At 2:30, standing at the back of the Sala Mastroianni, to catch the first short of one of the 13 programs devoted to films of 1912, a 4-minute effort by Louis Feuillade entitled “Bébé juge,” in which much chocolate is consumed. This serves as a curtain raiser for the 2:45 screening of “Skazanie O Zemle Sibirskoj” (“La canzone della terra siberienne”), by Ivan Pyr’ev, “enigma of Mosfilm.” This time I’m indeed seeing a color musical of sorts, in which the blonde machine-gun-wielding lady soldier of yesterday’s fast-paced WW II story is a singer who reconnects with a lover of her youth after WW II, embittered because he’s injured his left hand and no longer feels the need to compose and perform music. A return to his homeland of Siberia, where people seem to sing folk songs all the live long day, perks him up again, and she decides to forsake Moscow to join him in Siberia, which looks a lot warmer and more picturesque than we’ve been led to believe. Again the simultaneous translation is annoying (if essential); I don’t think I feel the need to see much more of Ivan Pyr’ev.
At 4:45, I see most of Andy Warhol’s “Face” (1965), starring Edie Sedgwick, brushing her hair, applying makeup, and chatting with pal Chuck Wein for 66 minutes. It’s the first film in an Avant-Garde Masters program, playing to an SRO house.
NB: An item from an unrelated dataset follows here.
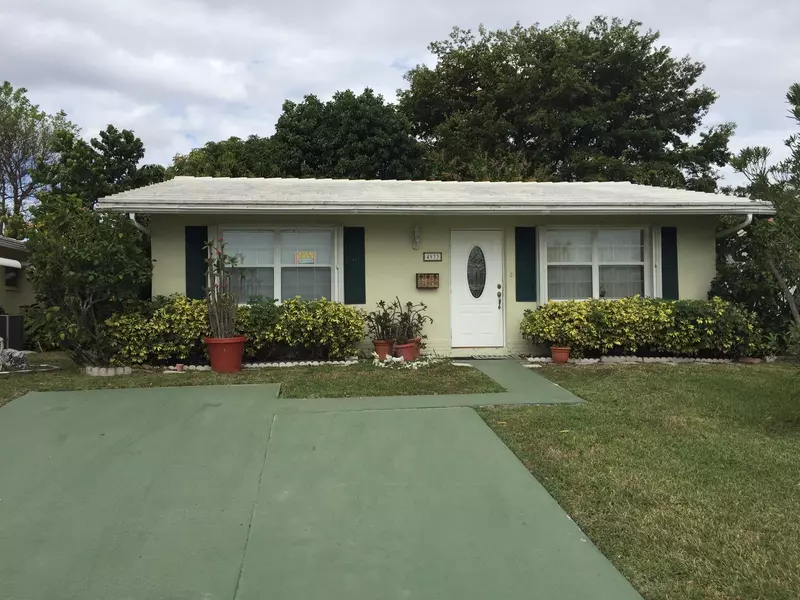 4933 NW 47th TER, Tamarac, FL 33319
We leave before “The Velvet Underground in Boston” (1967), Samuel Beckett’s “Film” (1965) starring Buster Keaton, and “Norman Mailer’s Untitled” (1947), an experimental 8-minute work, Mailer’s first movie, about a woman considering having an abortion. The catalogue describes “a battery of cinematic techniques: black & white and colour juxtaposition, animation, time-lapse photography, and microscopic close-ups.”
I’d love to see it, but we’ve been long ensconced across the hall, entranced by Ritwik Ghatak’s “Meghe Dhaka Tara” (“The Cloud-Capped Star,” 1960), perhaps oversold by introducer Shivendra Singh Dungarpur as “India’s greatest movie,” but indisputedly a masterpiece. Poetic, musical, haunting, this story of an unhappy family worthy of Eugene O’Neill breaks my heart – even more so because I know nothing of Ghatak. Where has he been all my life? My friend Jackie Mancuso enters late and is immediately gripped by the story, the cinematography, the acting. We protest, weakly, when we’re torn away, perhaps 20 minutes before the end, for a long-planned dinner in a restaurant in its own park-like setting on the outskirts of Bologna, where Jackie and Steve dined last year during the festival.
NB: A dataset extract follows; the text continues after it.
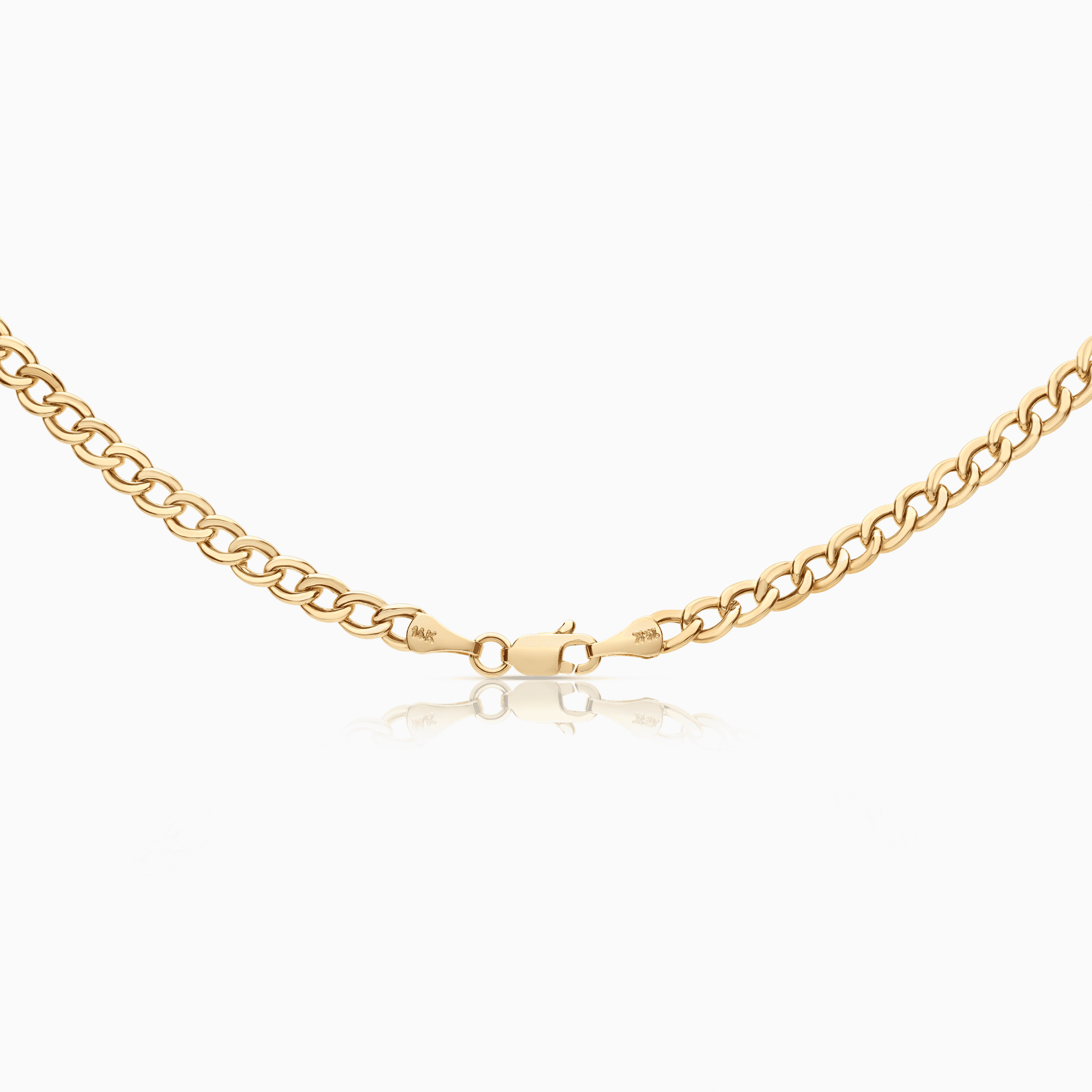 Pansarlänk 10,62g 14k guld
Steve has a fantasy of returning in time to catch some of the World Cup game between Spain and Portugal, but as we linger over five courses (antipasti della casa featuring an unusual mortadella/ricotta spread, ethereal frittata, warm panzanella; seafood risotto and tagliatelle with ragu; an amazing five-item mixed grill, a dish of huge shrimp, and another of simple grilled steak; six different cheeses served with thin honey and house-made orange marmalade; an assortment of desserts including pistachio/chocolate mousse, crema catalana, and an airy coconut confection; macerated strawberries, sliced watermelon, and big fat cherries, all washed down with Verdicchio and a big Bolognese red), the game is forgotten. As for the name of this impossibly charming restaurant, I promise I will include in my next dispatch. I will remember this meal in the same breath with the best movies I’ve seen in Bologna.
A cab ride back to central Bologna lets me out in time to catch a good chunk of “The Grand Illusion” in the big square, impeccably restored by Studio Canal and the Cinémathèque de Toulouse. In the lobby of my hotel, I run into the Cinémathèque’s Natacha Laurent, and am able to compliment her on the work. It’s a movie I thought I knew by heart, but I see things in it (both literally and figuratively) that I’ve never seen before.
Spain won. Whatever that means. During tomorrow’s semi-finals (Italy vs. I-don’t-know-who), I’ll be safely tucked away in the cinema.